Behind me there’s a scrape of cloth on rock and the scuffle of feet on hard ground. I didn’t even realize I stopped, but now I’m acutely aware that I only made it ten or so feet from the entrance to our hideaway before pulling up to puzzle over things in my head.
I stride in the other direction, hearing Tristan say, “Adele, wait!” behind me. Breaking into a run, I wish with all my heart that he’ll just let me be, leave me alone for however long it takes me to come to terms with what’s slowly dawning on me: we’re not meant to be together.
He doesn’t.
Instead, he races after me, his heavier, louder footfalls drowning out my own. I know he’ll catch me because he’s faster, but I don’t stop until his hand grabs my shoulder from behind.
I whirl on him, fire in my chest and eyes. “What!?” I scream, much louder than I should, given where we are.
“Please, Adele. We need to talk,” Tristan says, his face a mixture of white concern and red exertion. He’s still bare-chested, his muscles tight from our fight. I try not to stare at them. “Please,” he repeats.

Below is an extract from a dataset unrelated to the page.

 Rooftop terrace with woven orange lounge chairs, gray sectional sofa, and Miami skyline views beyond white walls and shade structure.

Looking at his pitiful face, I can’t hold onto my anger, although I definitely try. He’s just so damn handsome, his wavy blond hair an inch from his evening-blue eyes, his lips red and full and a perfect match for his right-sized nose and strong jaw. And his voice is so full of longing that my mind draws a blank when I try to come up with a sarcastic comment.
With my ebbing anger, my shoulders sag and my knees weaken. The adrenaline from our harried sprint catches up with me, and it’s all I can do to lower myself slowly to the ground, lean back against the wall and hug my knees.

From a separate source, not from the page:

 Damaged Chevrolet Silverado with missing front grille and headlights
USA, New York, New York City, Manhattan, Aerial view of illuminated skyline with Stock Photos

“I really don’t want to talk right now,” I say honestly.
Tristan dips down next to me, looks at me even though I refuse to look at him. Puts an arm around my shoulders, and although I feel like I should, I don’t shake it off. Swarms of bats flap unbridled through my stomach. Right away, I feel bad about all the things I’ve said to him. It’s not his fault we got played, like life-size pawns in some real chess match. He’s been nothing but good to me, even if he wasn’t entirely in control of his actions.
“Adele, I—I...”
I’m scared of his next words, scared they’ll make everything even worse, even harder.

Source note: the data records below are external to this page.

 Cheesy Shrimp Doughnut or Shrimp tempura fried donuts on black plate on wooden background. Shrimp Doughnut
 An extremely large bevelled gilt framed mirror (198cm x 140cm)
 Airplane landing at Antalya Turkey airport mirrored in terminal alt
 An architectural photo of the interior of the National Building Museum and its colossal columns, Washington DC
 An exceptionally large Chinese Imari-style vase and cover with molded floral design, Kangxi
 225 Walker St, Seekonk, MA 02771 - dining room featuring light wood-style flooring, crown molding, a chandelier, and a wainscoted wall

“I just want to understand,” he says, and I let out a grateful breath. He deserves to understand. “Did Roc tell you something that you might have misunderstood? If he told you about what happened when I was fifteen, I swear I was going to tell you—”
“No. He didn’t say anything about that. What happened when you were fifteen? That was the year your mom disappeared, right?”
Tristan sighs, pulls my head into his chest, which I allow because I have no fight left in me. And because it’s pretty awesome to be close to him again, to his heart, which is beating against my cheek. “Yes, that was when my mom left us. I just don’t think it’s the right time to talk about it.”